Required action – Go through the records below and set each one down exactly, leaving out any pictures.

START Records supplied

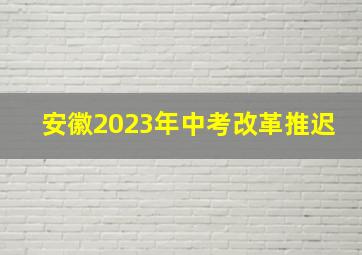 安徽2023年中考改革推迟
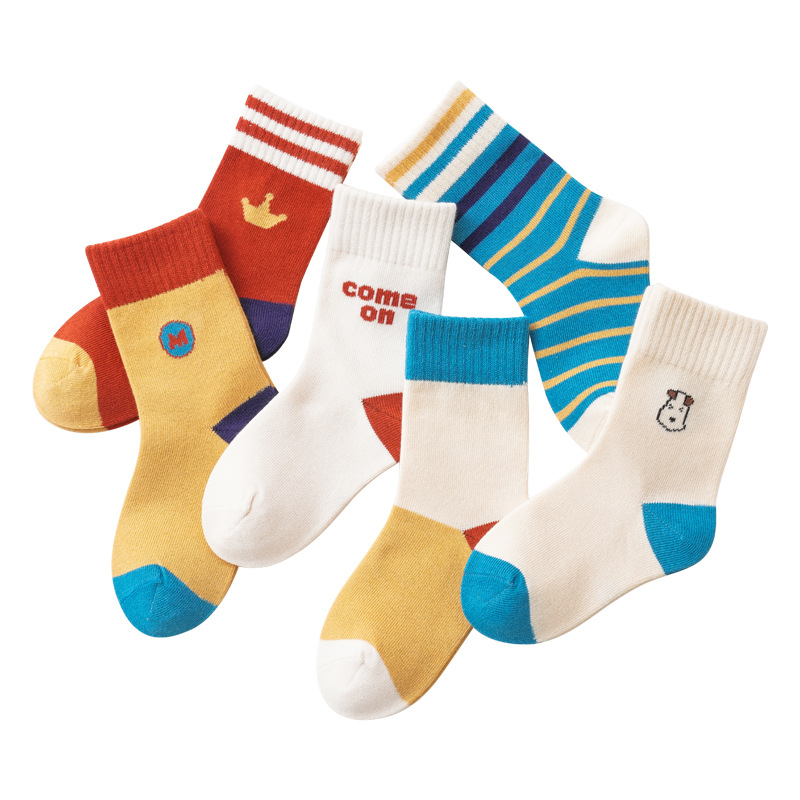Children's Socks 2024 Spring New Striped Cartoon Stripe College Style Athletic Socks Baby Boys and Girls Tube Socks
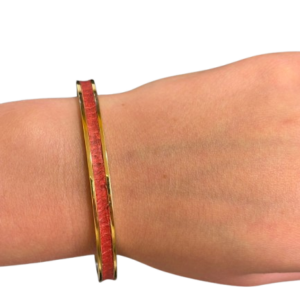Bracelet Amélia plaqué or- cuir framboise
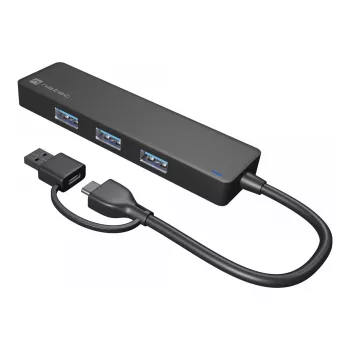USB centrmezgls NATEC Mayfly USB 3.2 Gen 1 Type-A Type-C 5000 Mbit/s Melns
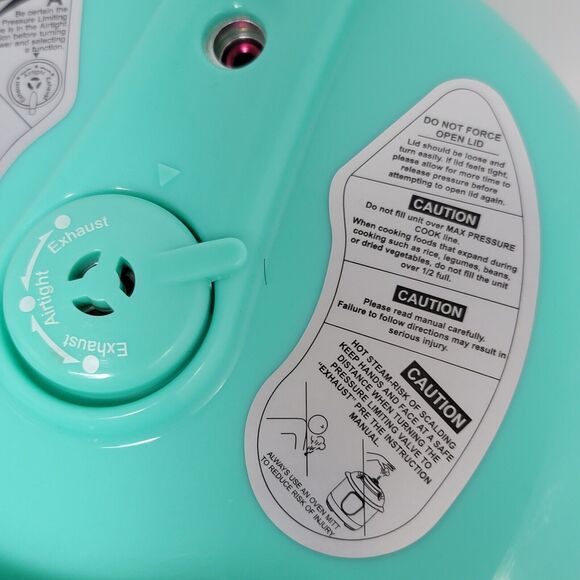 Elite Bistro By Maxi Matic EPC-202T 8 Qt Electric Pressure Cooker Turquoise Blue - Picture 16 of 16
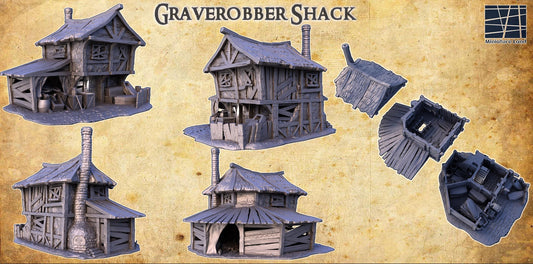 Grave Robber Shack - Tabletop Terrain - 28 MM, Tabletop 3D Printed Terrain by MiniatureLand, Perfect for Wargaming and RPGs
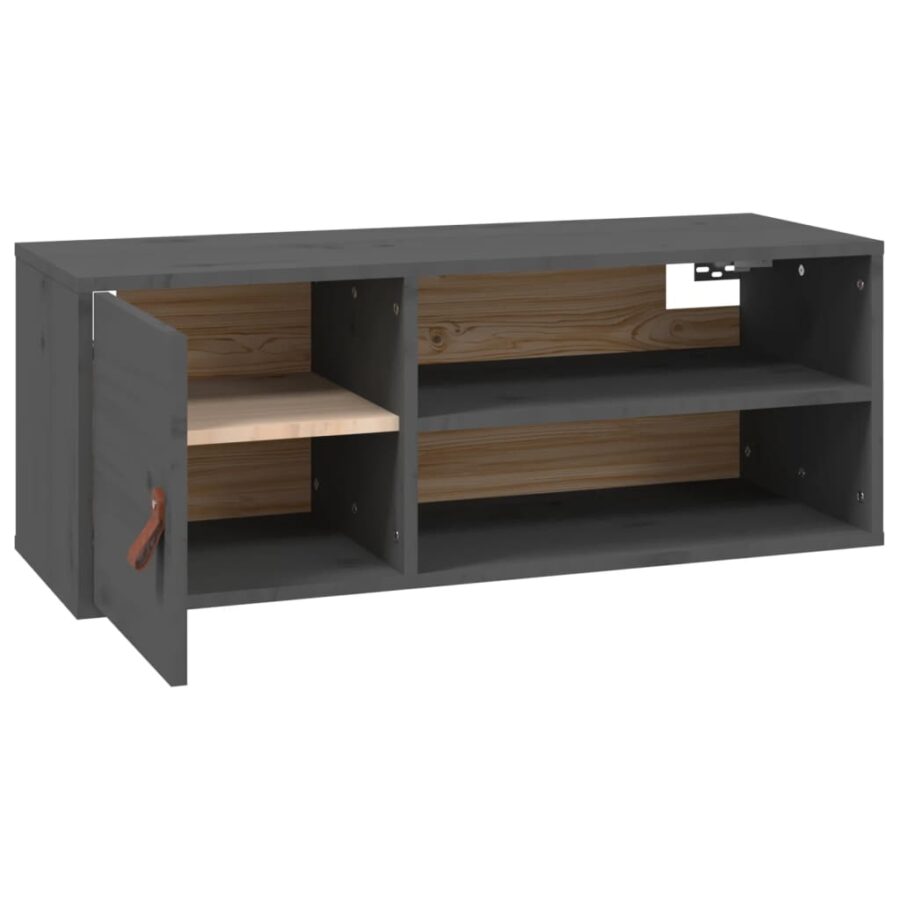 Wandkast 80x30x30 cm massief grenenhout grijs - Afbeelding 2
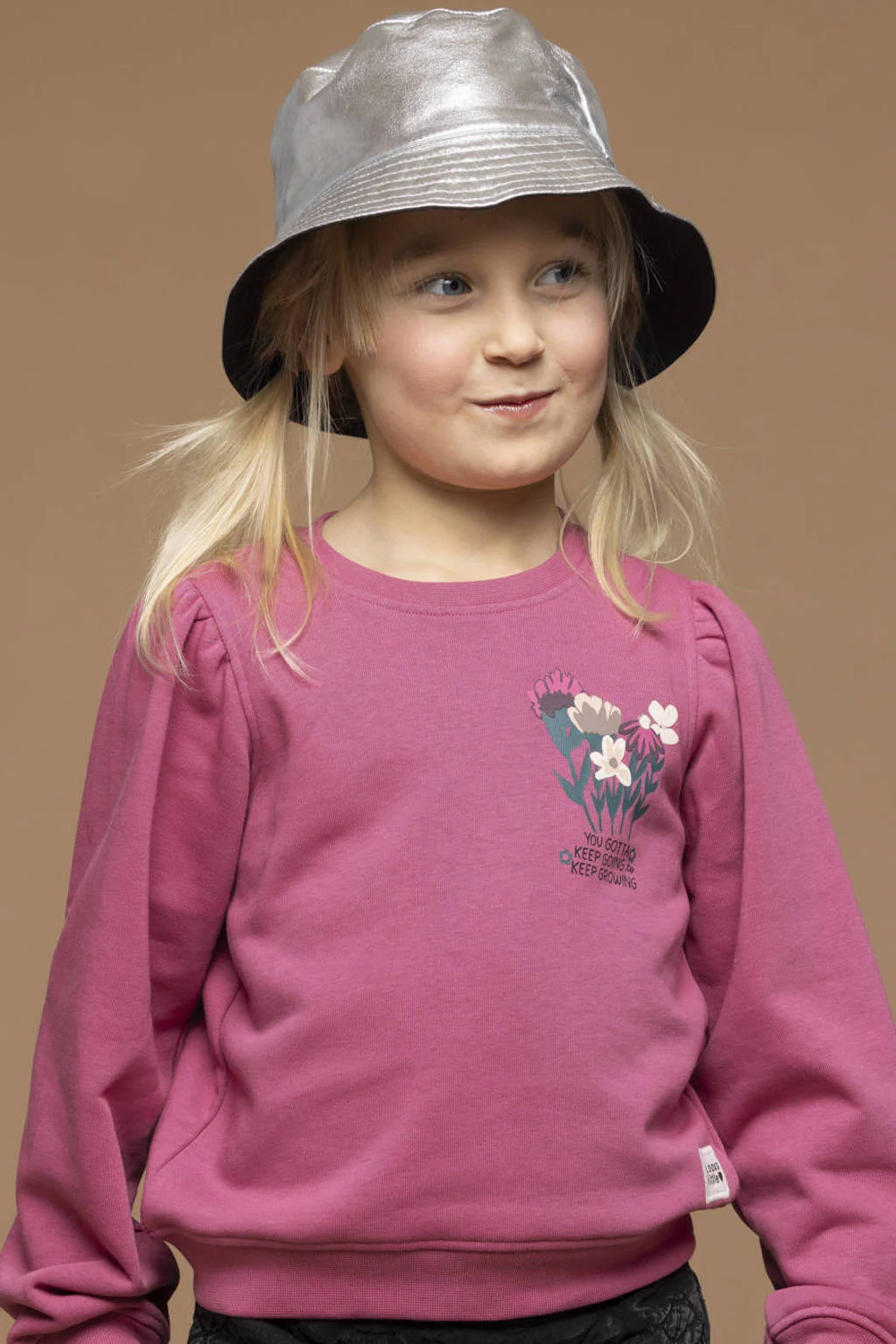 LOOXS sweater met printopdruk donkerroze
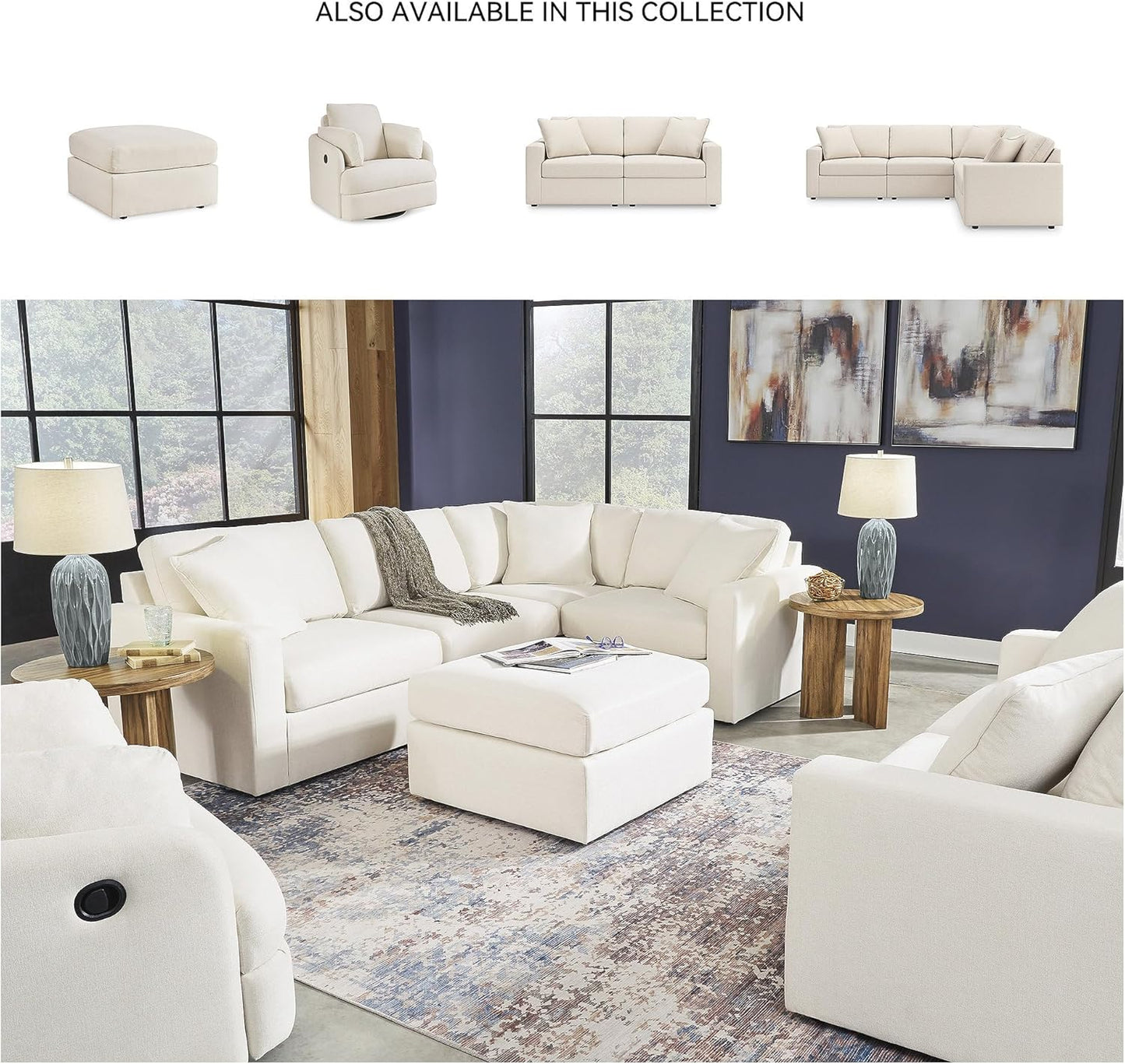 Signature Design by Ashley Modmax Coastal Press-Back Swivel Glider Rocker Recliner with Machine Washable Cover, Hidden Storage Compartments and 2 Bolster Pillows, Beige - Colors A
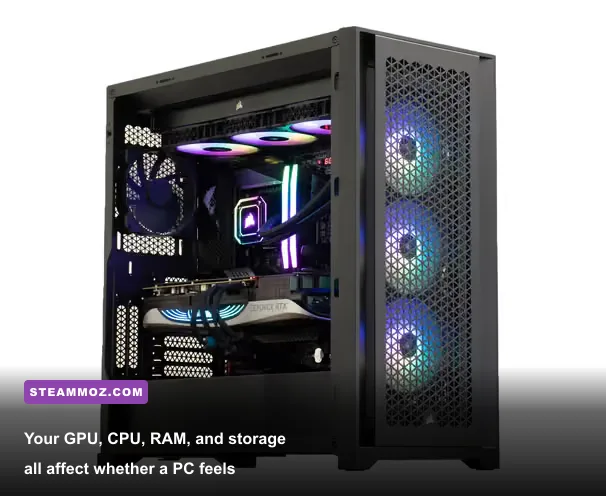 PC gaming hardware comparison showing processor graphics card memory and SSD requirements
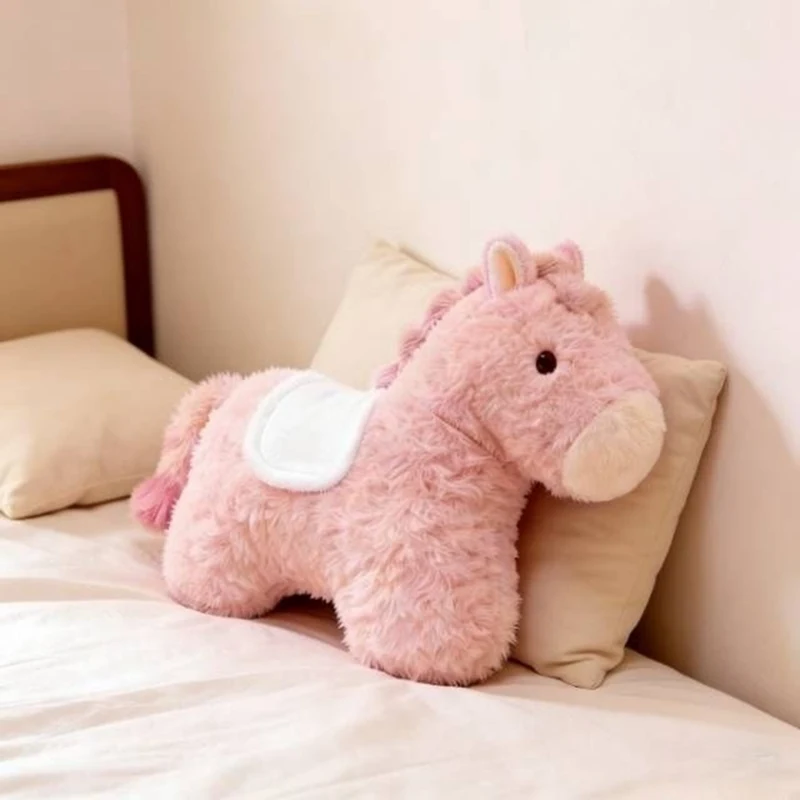وسادة على شكل حصان وردي بطول 55 سم، دمية محشوة للعناق، ألعاب حيوانات لطيفة، وسادة للعناق والرمي للفتيات، ديكور منزلي للأريكة
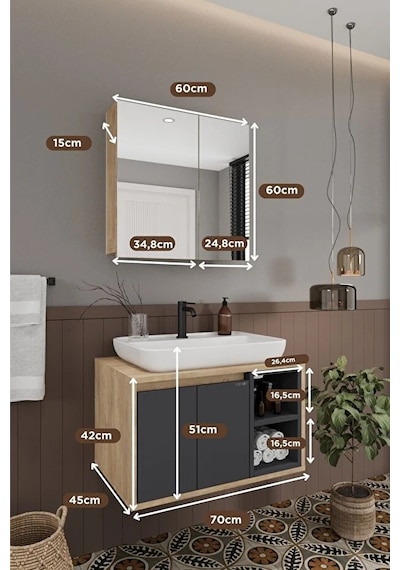 Lale 70 Cm %100 Mdf Lavabolu Banyo Dolabı + Aynalı Dolap Antrasit Lale 70 Cm %100 Mdf Lavabolu Banyo Dolabı + Aynalı Dolap Antrasit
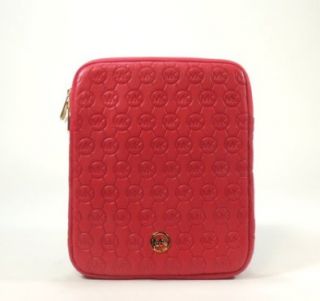 MICHAEL Michael Kors Electronic Logo embossed Leather IPAD Case (Lacquer Pink) Shoes
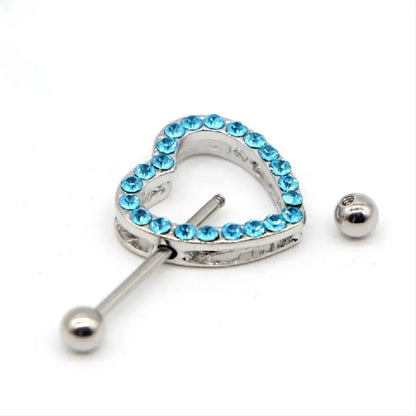 2 Pcs Crystal Heart Nipple Rings 316L Stainless Steel Heart Nipple Rings Double Layer Heart Nipple Rings Personality Body 14GA 7/8" Length JettsJewelers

END Records supplied

Completed exercise –
 安徽2023年中考改革推迟
Children's Socks 2024 Spring New Striped Cartoon Stripe College Style Athletic Socks Baby Boys and Girls Tube Socks
Bracelet Amélia plaqué or- cuir framboise
USB centrmezgls NATEC Mayfly USB 3.2 Gen 1 Type-A Type-C 5000 Mbit/s Melns
 Elite Bistro By Maxi Matic EPC-202T 8 Qt Electric Pressure Cooker Turquoise Blue - Picture 16 of 16
 Grave Robber Shack - Tabletop Terrain - 28 MM, Tabletop 3D Printed Terrain by MiniatureLand, Perfect for Wargaming and RPGs
 Wandkast 80x30x30 cm massief grenenhout grijs - Afbeelding 2
 LOOXS sweater met printopdruk donkerroze
 Signature Design by Ashley Modmax Coastal Press-Back Swivel Glider Rocker Recliner with Machine Washable Cover, Hidden Storage Compartments and 2 Bolster Pillows, Beige - Colors A
 PC gaming hardware comparison showing processor graphics card memory and SSD requirements
وسادة على شكل حصان وردي بطول 55 سم، دمية محشوة للعناق، ألعاب حيوانات لطيفة، وسادة للعناق والرمي للفتيات، ديكور منزلي للأريكة
 Lale 70 Cm %100 Mdf Lavabolu Banyo Dolabı + Aynalı Dolap Antrasit Lale 70 Cm %100 Mdf Lavabolu Banyo Dolabı + Aynalı Dolap Antrasit
 MICHAEL Michael Kors Electronic Logo embossed Leather IPAD Case (Lacquer Pink) Shoes
 2 Pcs Crystal Heart Nipple Rings 316L Stainless Steel Heart Nipple Rings Double Layer Heart Nipple Rings Personality Body 14GA 7/8" Length JettsJewelers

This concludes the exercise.